Makkah hotels driving record $16bn property sales
Property sales in the holy city soared 350 percent last year
Property sales in the holy city of Makkah, in Saudi Arabia, soared 350 percent last year, to a total value of SR59.4bn ($16.2bn), according to the local real estate committee.
A record 17,920 real estate deals were finalised in the city in 2013, four times the rate in 2012.
Real estate analysts expect the market to increase even further in 2014 to an estimated SR80bn worth of sales, Arab News reported.
Jones Lang LaSalle’s head of hotels and hospitality in the Middle East, Chiheb Ben-Mahmoud, said the kingdom’s massive $21bn redevelopment of the Grand Mosque – Islam’s holiest mosque – and surrounding areas had sparked a resurgence in the area’s real estate.

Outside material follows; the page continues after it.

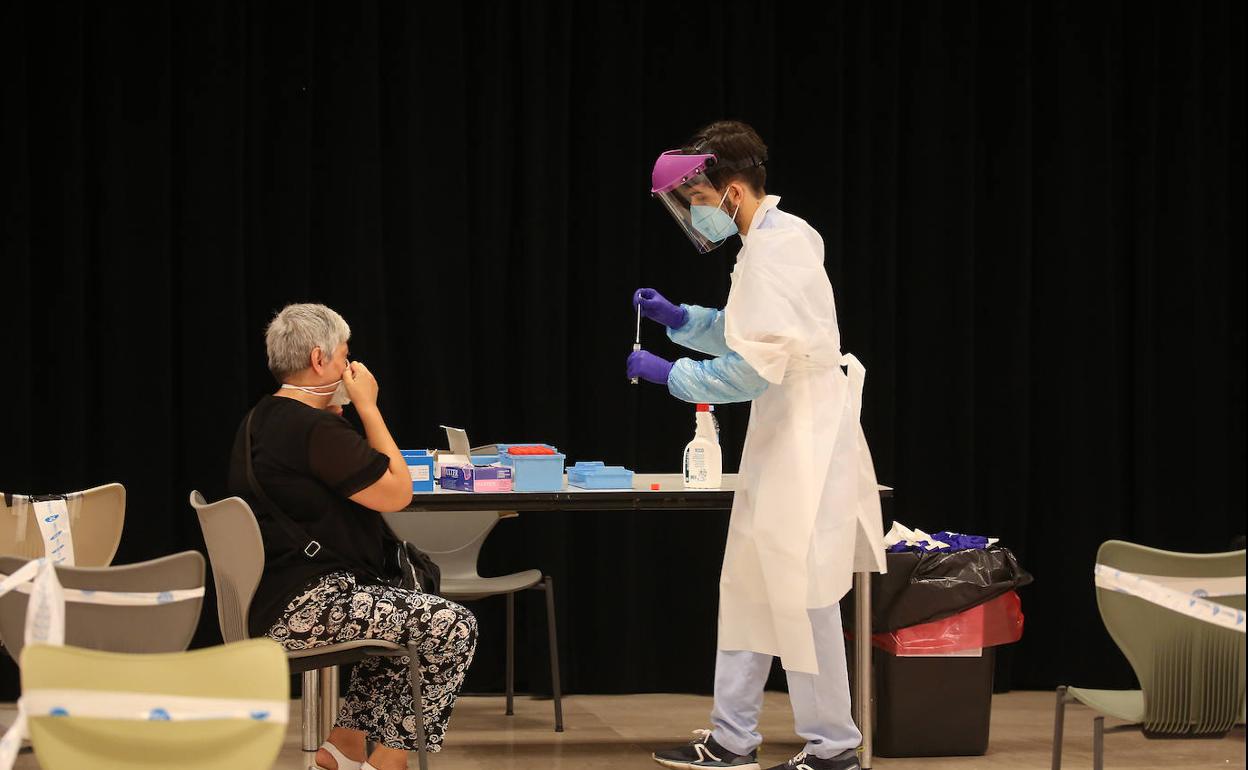 Una mujer se somete a un test en la Casa de Cultura Okendo, en San Sebastián.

The Grand Mosque is being renovated and expanded to accommodate 1.5m pilgrims at one time in the site’s largest redevelopment in history.
The government also is redeveloping the city’s slums, including expropriating thousands of properties, which involves paying more than SR100bn in compensation. Much of that compensation is being reinvested into the city’s market.
International hoteliers also are planning huge developments in the city, which attracts millions of pilgrims each year.
One of the largest new hotel developments – a seven-tower hotel complex in Makkah worth an estimated $1.1bn – was announced by the Indonesian government controlled construction company Wijaya Karya (Wika) in July, 2013.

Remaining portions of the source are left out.